I suggest you try doubling your nitrate concentration. If you are using a test kit to determine that you have 10 ppm, don't forget that our test kits are not at all accurate unless you calibrate them. Raising NO3 concentration won't kill the BGA, but it will make it a lot harder for it to come back.


----------



## Wasserpest (Jun 12, 2003)

fresh_newby said:


> is it slimey and gloppy?


Nah, it is blue-green and stinky, and you can pick it up in "sheets".


----------



## JeremyChase (May 23, 2006)

Wasserpest said:


> Nah, it is blue-green and stinky, and you can pick it up in "sheets".
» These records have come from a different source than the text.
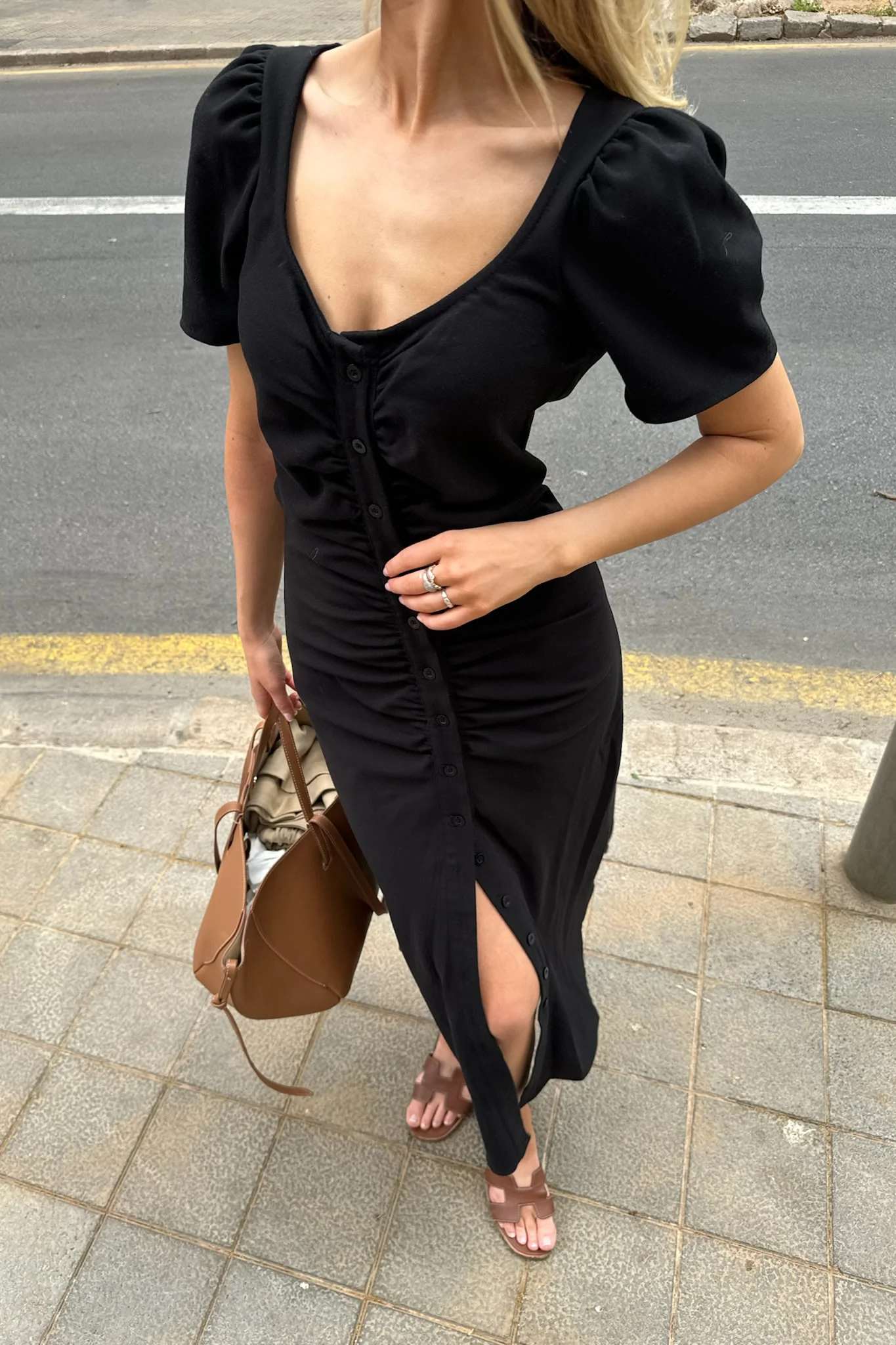 MerleIC Long Dress - Black - Image 2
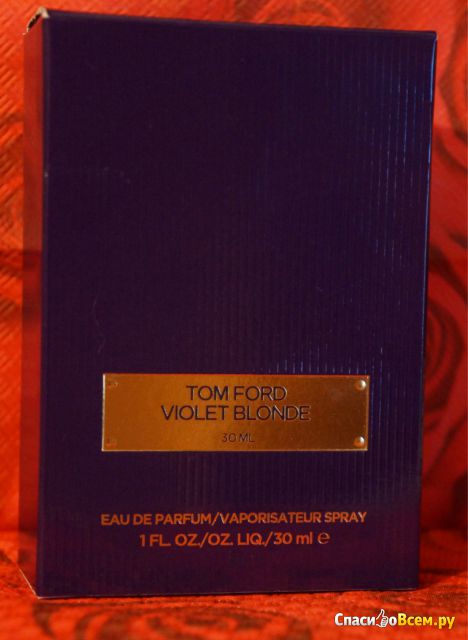 Парфюмированная вода Tom Ford Violet Blonde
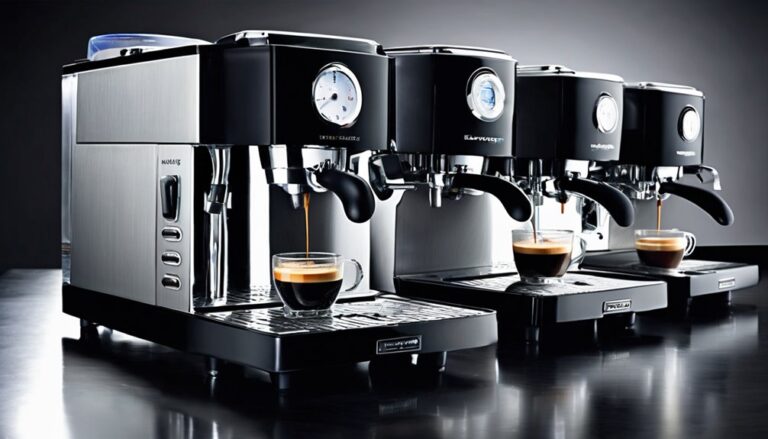 super automatic espresso with ceramic grinders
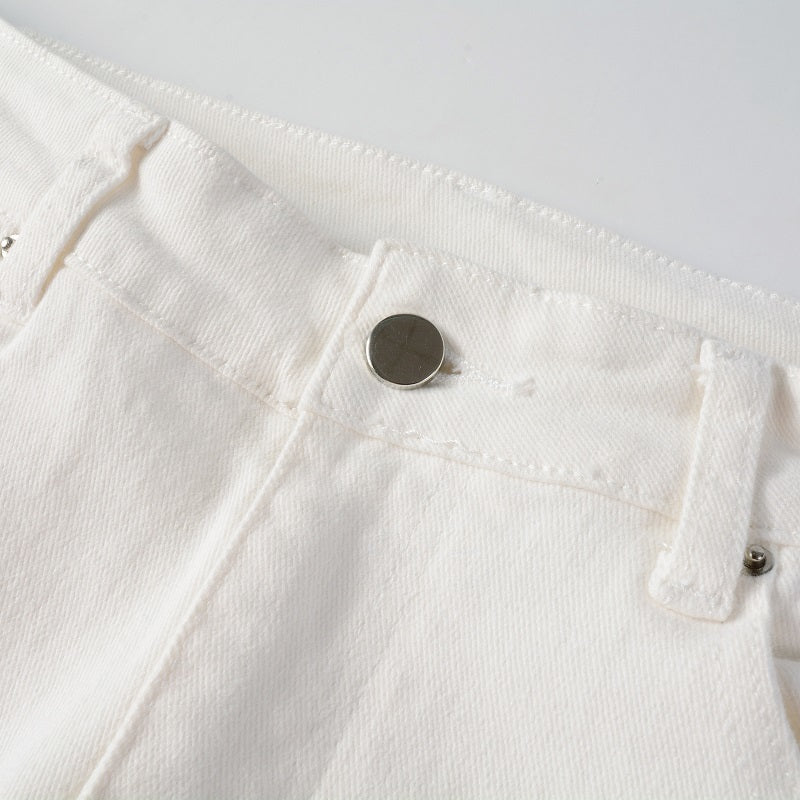 Men Trendy Jeans Pure cotton high quality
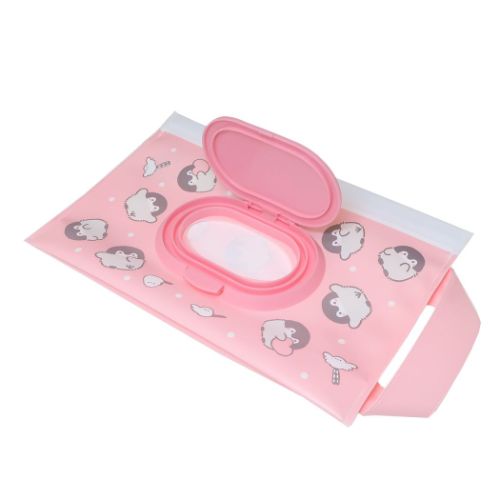 コウペンちゃん ミニポーチ フタ付きキャリーポーチ ラブリー LINE FRIENDS キャラクター グッズ メール便可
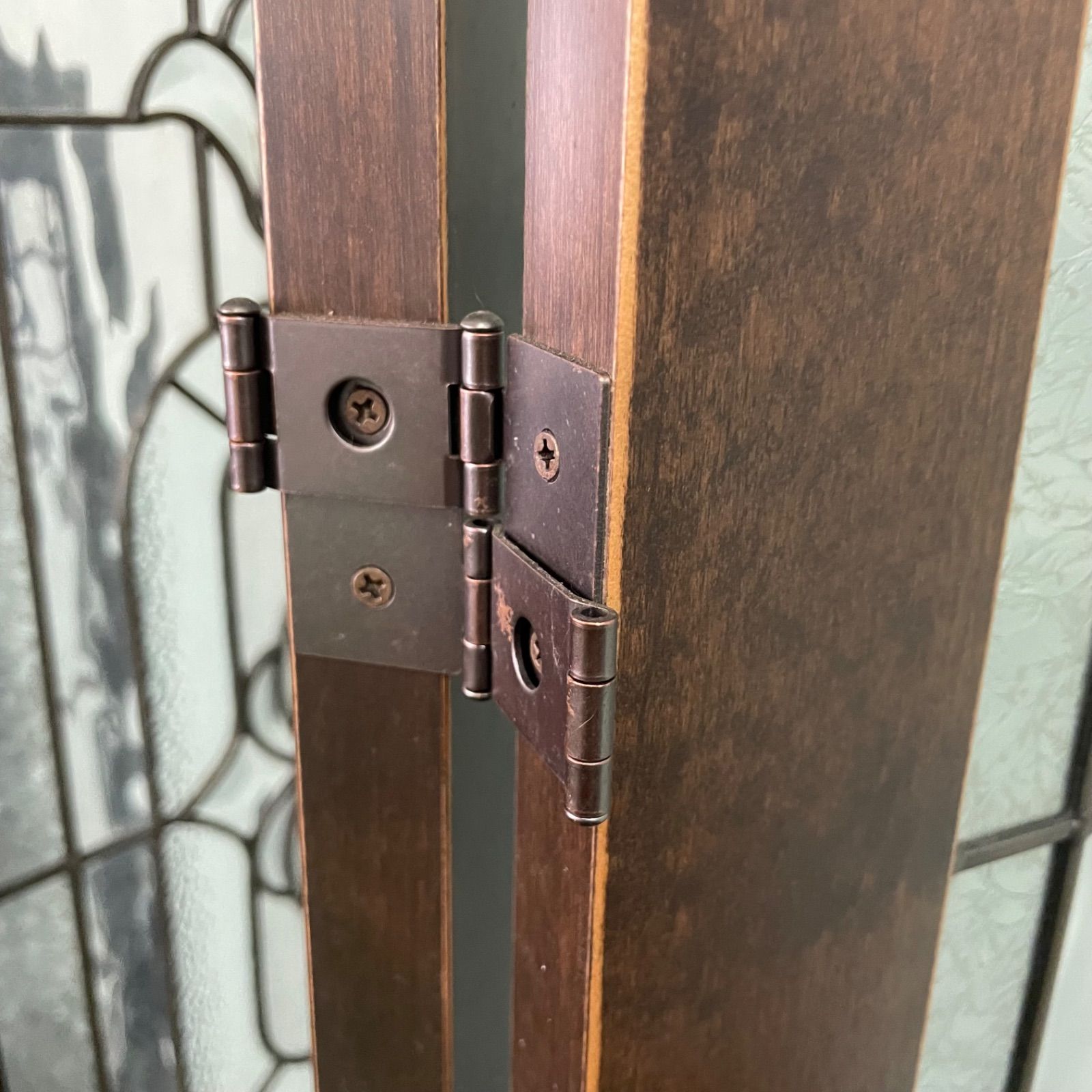 パーテーション 4連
I gravel-vac'd my tank last night before the blackout, and it came up in sheets; but it pulled up a bunch of my gravel too! What a mess.. I can't wait for this blackout to be over!

13 hours down, 59 to go 

-Jer


----------



## fresh_lynny (Mar 9, 2006)

Wasserpest said:


> Nah, it is blue-green and stinky, and you can pick it up in "sheets".


*PHEW* this just looked like 3 small globs of turquois snot that came up in one viscous drip with my foreceps


----------



## dweebikus (Jul 11, 2006)

Is blackout the only way to kill it? Even if I bring the Nitrates and CO2 levels up?


----------



## JeremyChase (May 23, 2006)

dweebikus said:


> Is blackout the only way to kill it? Even if I bring the Nitrates and CO2 levels up?


If you bring your CO2 and Nitrates up the BGA will still be there; so no, that won't kill it..

-Jer


----------